YOUR GOAL — Below are some records. Retype exactly the lines from the one containing "Estreno del documentral El Rey Puma" through the one containing "Продажа Б/У Хендай Крета. Фото: #14", both included, skipping every picture.
——
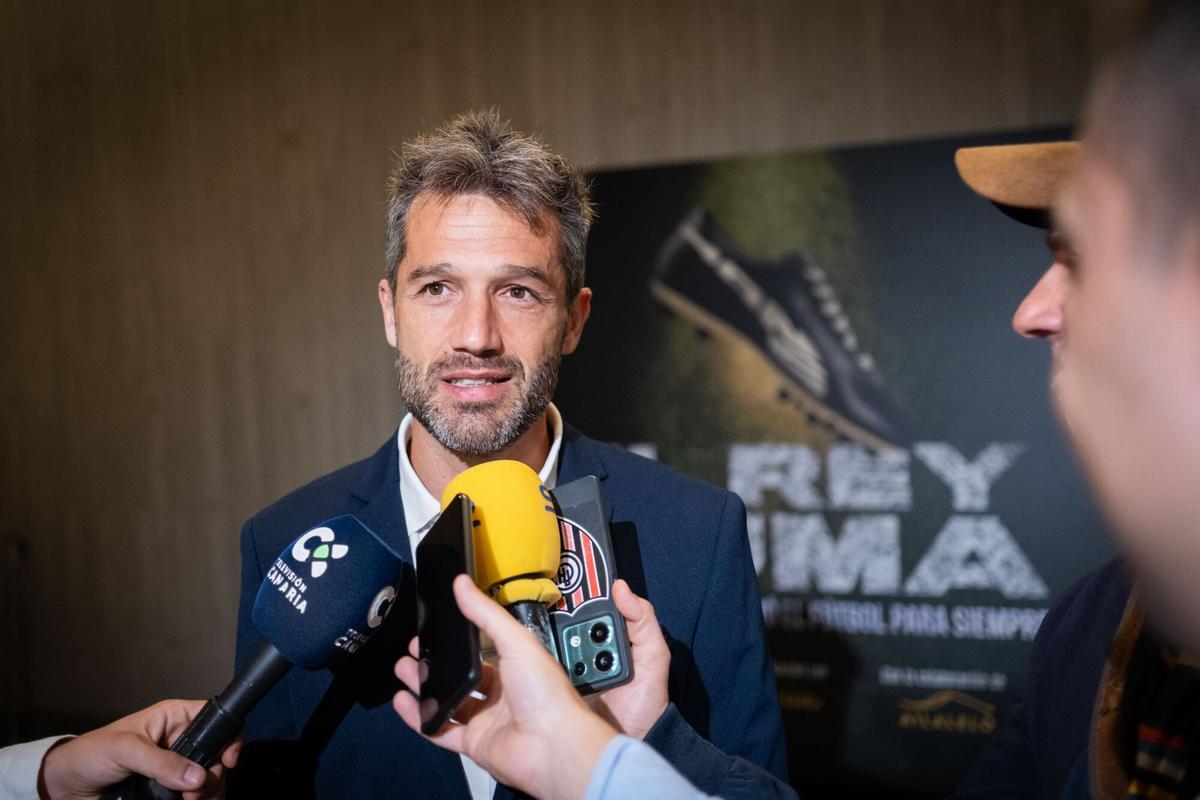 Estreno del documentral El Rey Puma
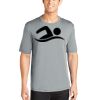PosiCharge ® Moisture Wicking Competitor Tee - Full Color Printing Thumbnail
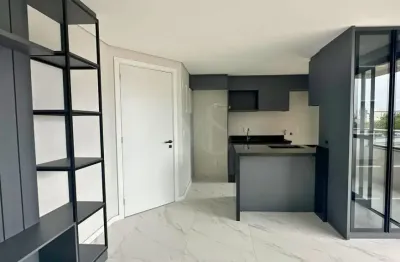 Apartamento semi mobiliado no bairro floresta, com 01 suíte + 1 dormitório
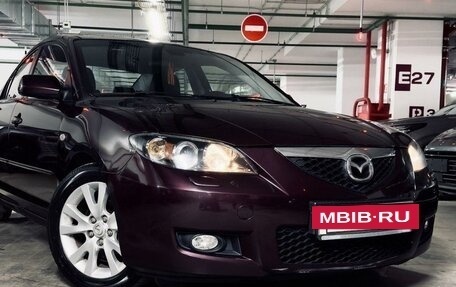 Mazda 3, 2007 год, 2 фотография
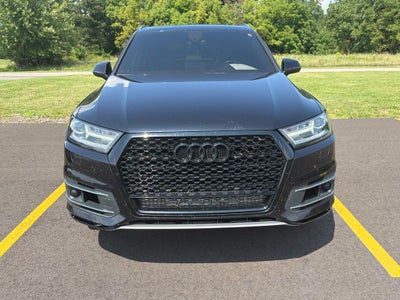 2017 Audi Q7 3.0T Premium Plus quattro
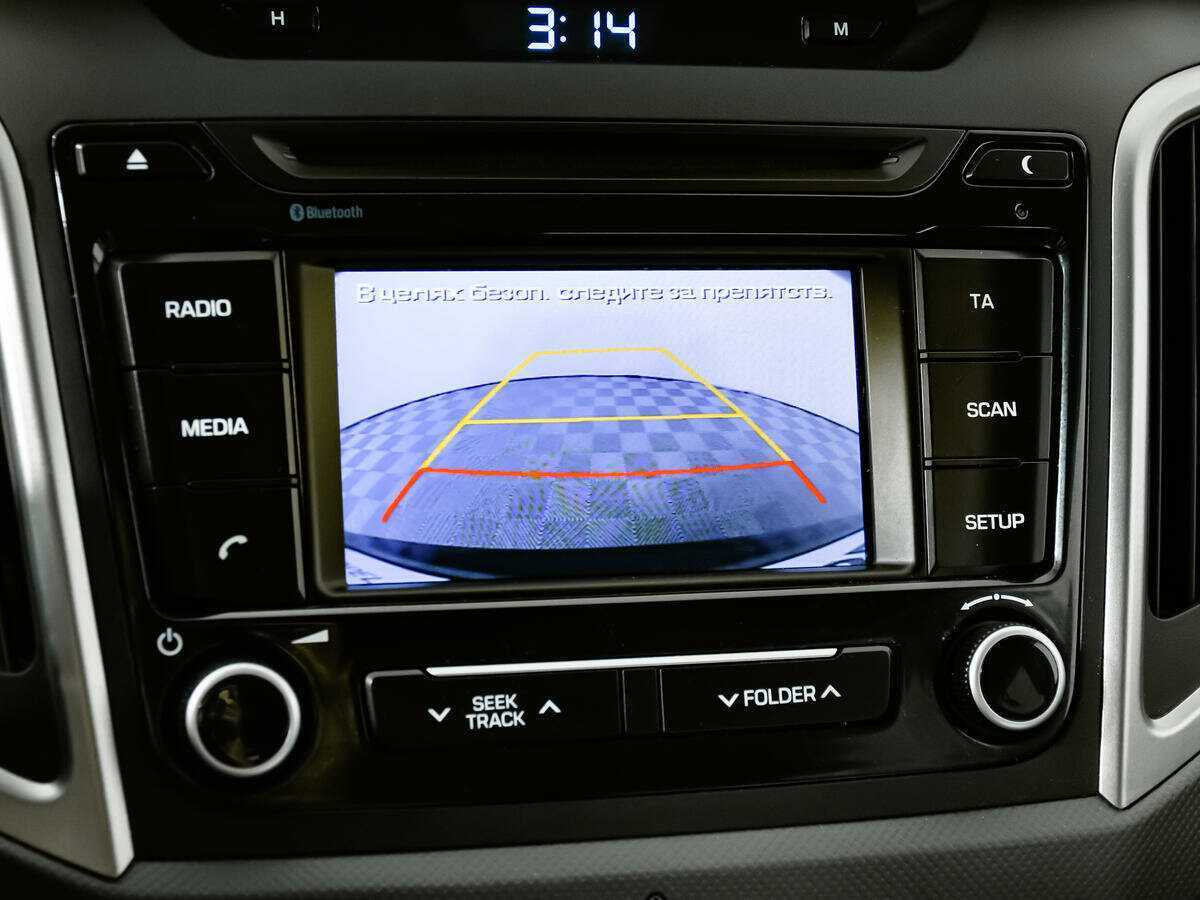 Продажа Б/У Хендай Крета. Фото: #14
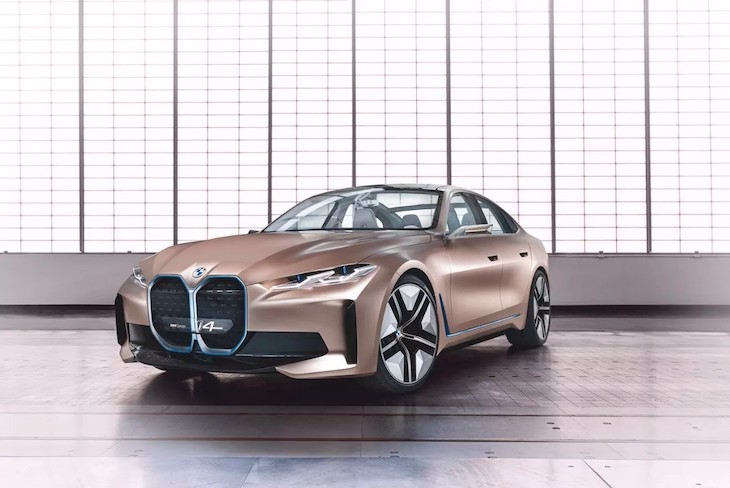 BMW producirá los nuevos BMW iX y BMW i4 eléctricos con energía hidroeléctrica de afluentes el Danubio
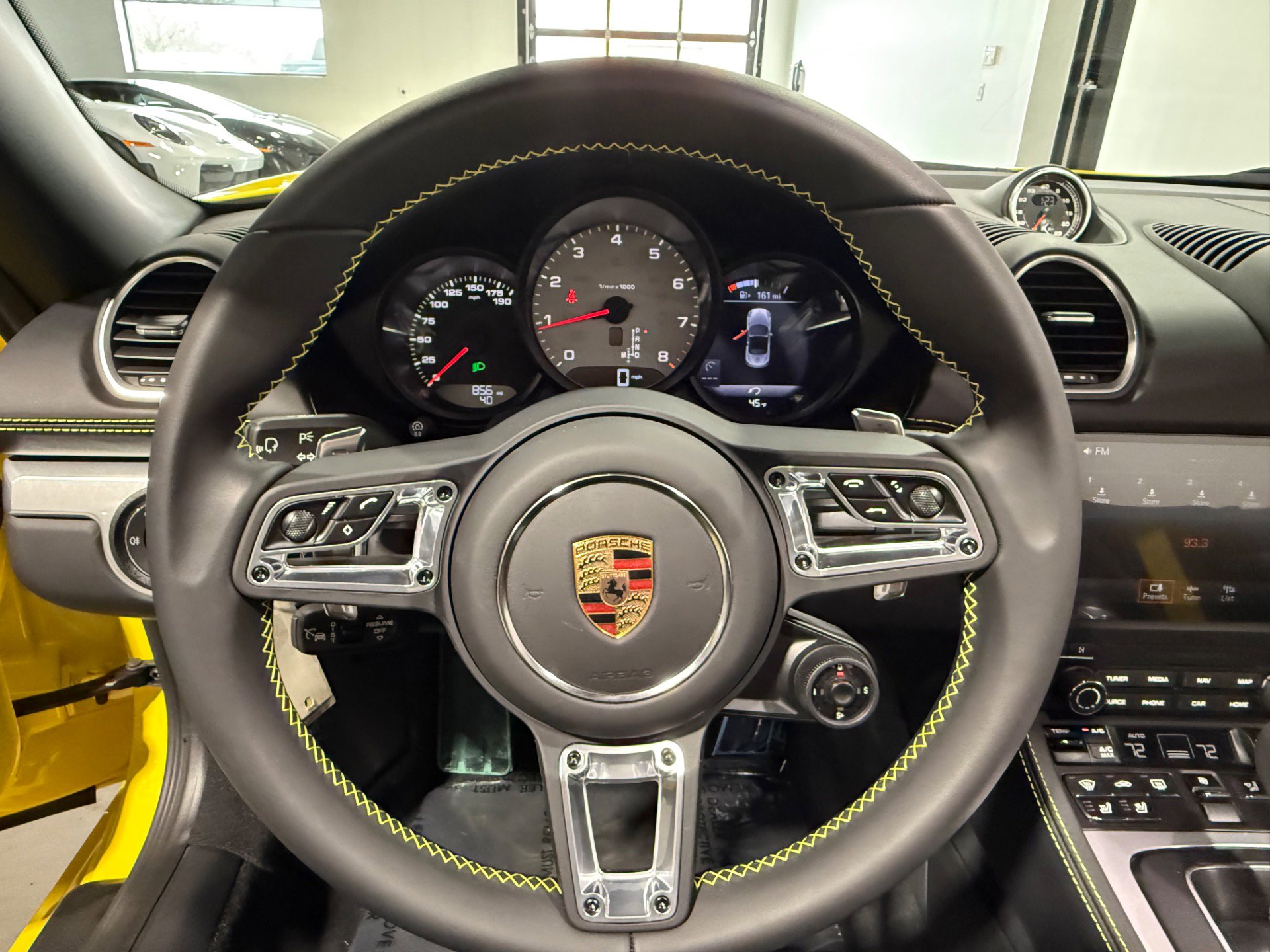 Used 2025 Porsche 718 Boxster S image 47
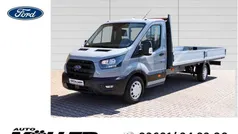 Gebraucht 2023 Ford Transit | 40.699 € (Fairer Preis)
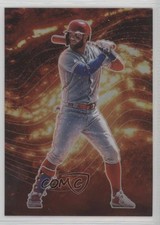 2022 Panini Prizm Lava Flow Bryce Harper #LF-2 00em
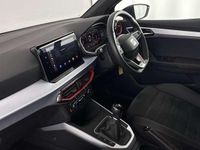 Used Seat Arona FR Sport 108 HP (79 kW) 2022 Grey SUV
——
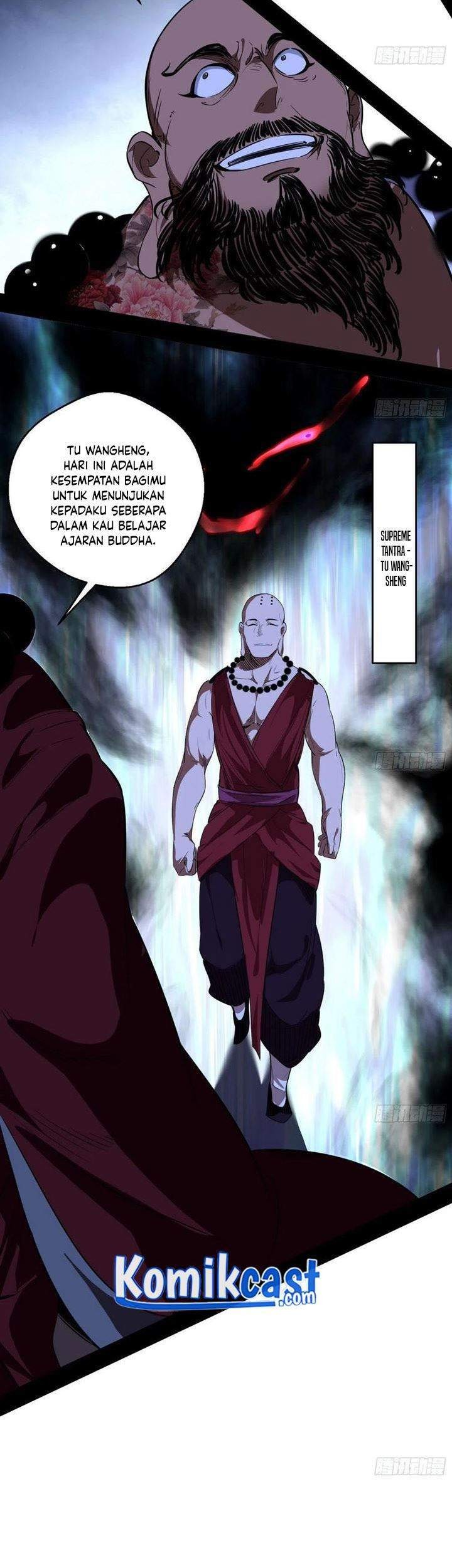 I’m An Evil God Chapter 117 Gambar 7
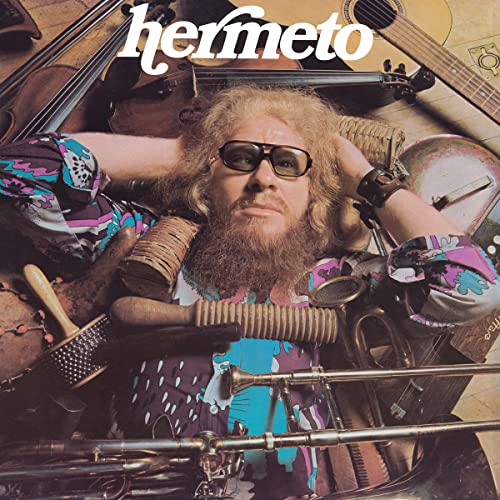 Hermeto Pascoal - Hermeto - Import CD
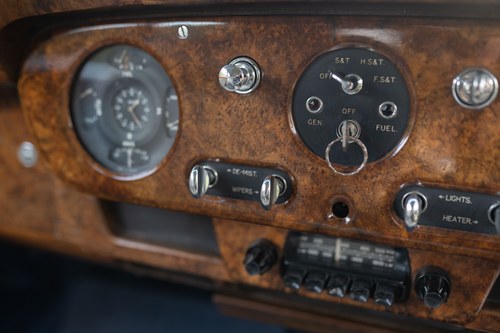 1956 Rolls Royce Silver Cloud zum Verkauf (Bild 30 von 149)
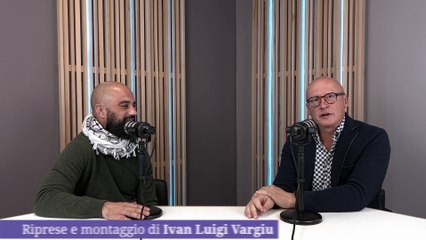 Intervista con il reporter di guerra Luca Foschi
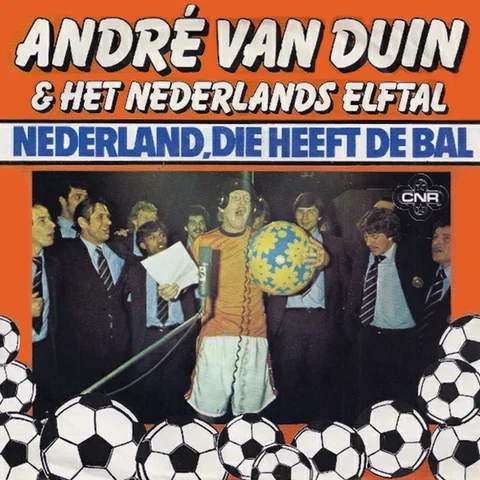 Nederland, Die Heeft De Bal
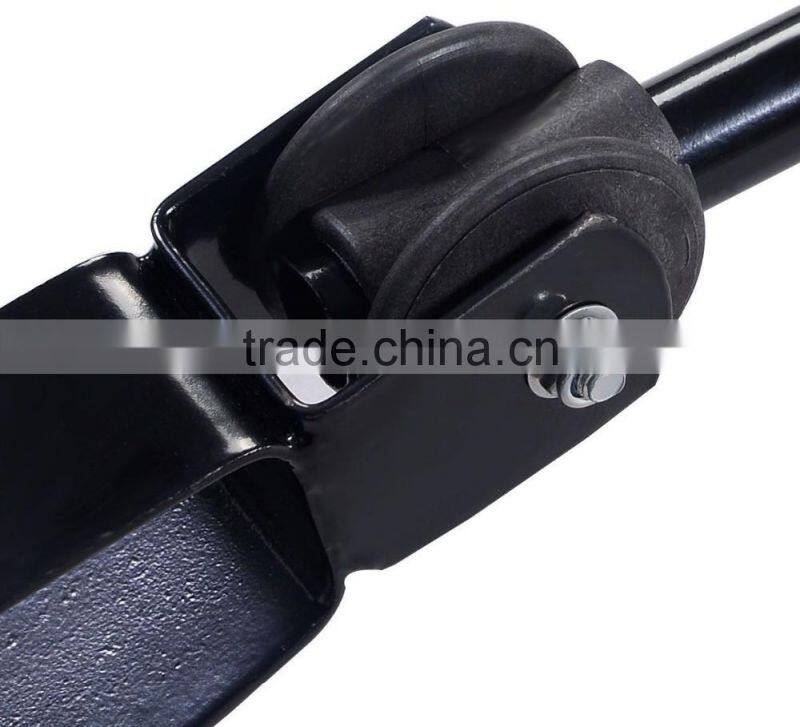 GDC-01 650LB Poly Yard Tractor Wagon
——
TASK RESULT —
 Estreno del documentral El Rey Puma
PosiCharge ® Moisture Wicking Competitor Tee - Full Color Printing Thumbnail
 Apartamento semi mobiliado no bairro floresta, com 01 suíte + 1 dormitório
 Mazda 3, 2007 год, 2 фотография
 2017 Audi Q7 3.0T Premium Plus quattro
 Продажа Б/У Хендай Крета. Фото: #14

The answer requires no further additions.